You're getting younger Kal. You like simplicity in differentiating, and are up to date with the Internet. :T

* But I'm sorry, "Multipontential" and "Pluripotential" are two big of a words for me. :blink:

Regards Kal,
Bob


----------



## recruit (May 9, 2009)

Nice Run down Aaron :T It looks so compact but with plenty of features!


----------



## selden (Nov 15, 2009)

I recently bought a 1501 for my bedroom system. A concern for me is the low power (50W/channel at 8 ohms). I usually have to turn it up to about the half-way value to get a reasonable sound level. Of course, the sound level also depends on the recording level of the source material. For some pop/rock CDs I discovered that I had to turn it way down!


----------



## recruit (May 9, 2009)

It is a very tidy solution and will fit in almost anywhere, when compared to other offerings...


----------



## KASR (Jun 9, 2009)

Continuing to tinker with it - just ran the EQ Setup to solve a problem with TrueHD not sounding quite right and lo-and-behold it not only fixed the problem, but it sounded pretty good across the board!


----------



## Lordoftherings (Feb 8, 2009)

selden said:


> I recently bought a 1501 for my bedroom system. A concern for me is the low power (50W/channel at 8 ohms). I usually have to turn it up to about the half-way value to get a reasonable sound level. Of course, the sound level also depends on the recording level of the source material. For some pop/rock CDs I discovered that I had to turn it way down!

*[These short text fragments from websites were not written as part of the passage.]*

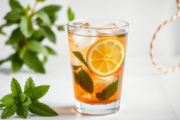 Jak zrobić herbatę mrożoną bez cukru: Orzeźwiający przewodnik dla miłośników herbaty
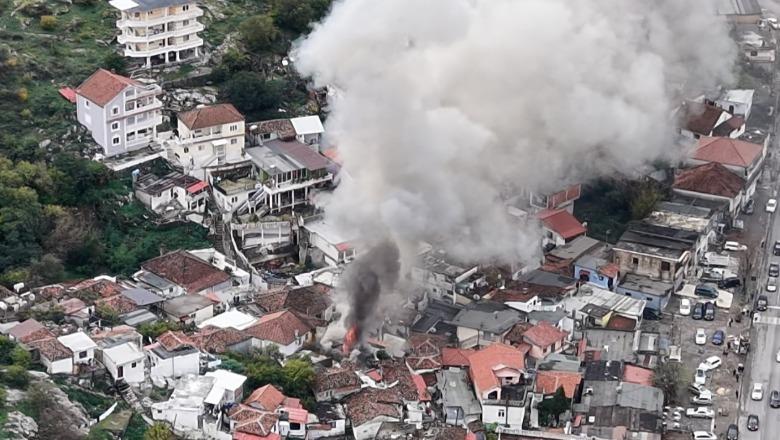 Përfshihet nga flakët banesa në Shkodër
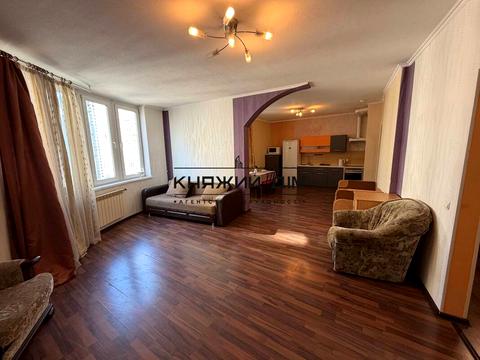 квартира за адресою Дніпровська набережна вул., 19-А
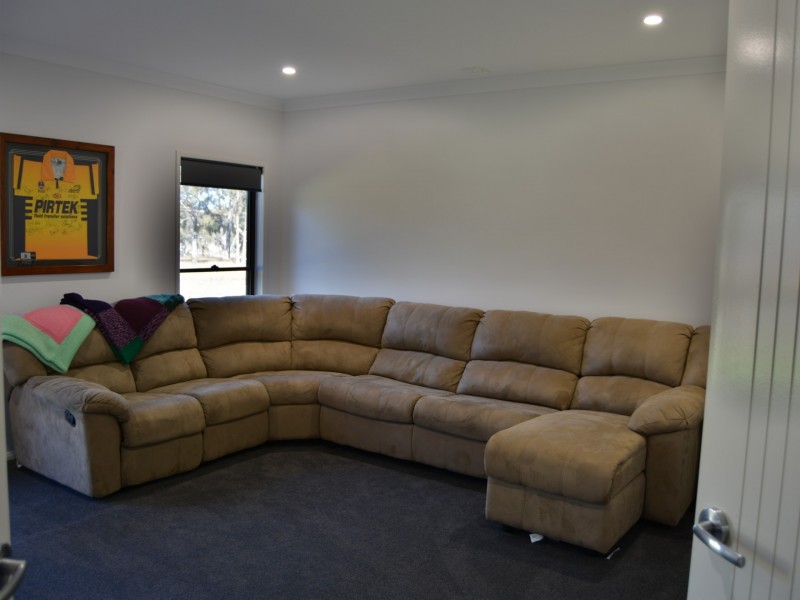 17 Huston Street, Warwick QLD 4370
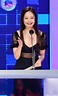 韩网热议！全昭旻“性感透视V胸连衣裙”，和梁世灿颁奖。 - 哔哩哔哩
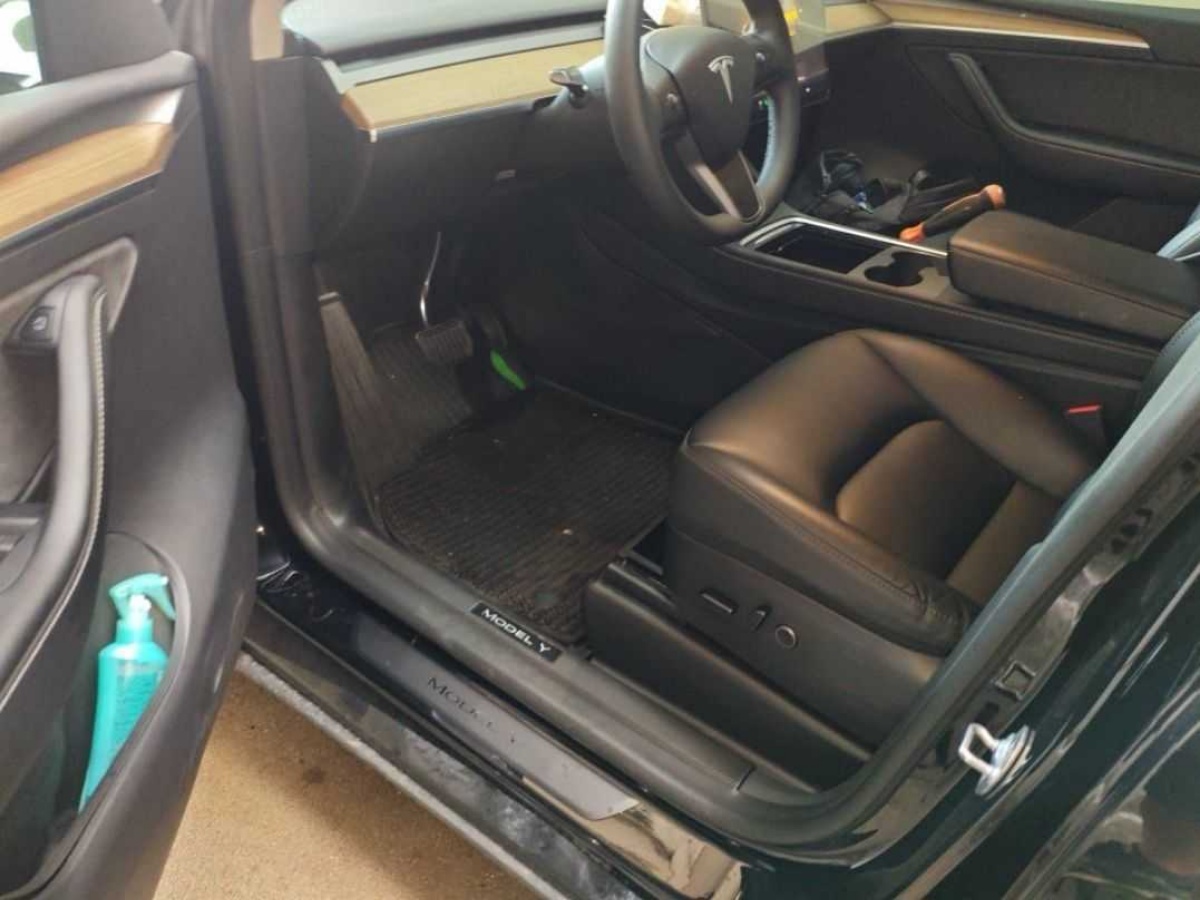 Tesla Model Y 2023 #3 Tesla Model Y 2023 car image #3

Don't be concern about this, it is absolutely normal, just like you said it yourself (dependent of the source material).



KASR said:


> Continuing to tinker with it - just ran the EQ Setup to solve a problem with TrueHD not sounding quite right and lo-and-behold it not only fixed the problem, but it sounded pretty good across the board!


Excellent news! :T


----------



## selden (Nov 15, 2009)

Lordoftherings said:


> Don't be concern about this, it is absolutely normal, just like you said it yourself (dependent of the source material).


My concern is with clipping when I turn the gain way up. I'd rather not fry my tweeters.

Can anyone recommend any oscilloscope software / microphone combination that can be used to view the audio waveform?


----------



## Lordoftherings (Feb 8, 2009)

selden said:


> Can anyone recommend any oscilloscope software / microphone combination that can be used to view the audio waveform?


I believe that Mr. Kal Rubinson might be able to help you out on this. Just ask him personally, I'm sure he'll be delighted.
* See post #8 for his name.


----------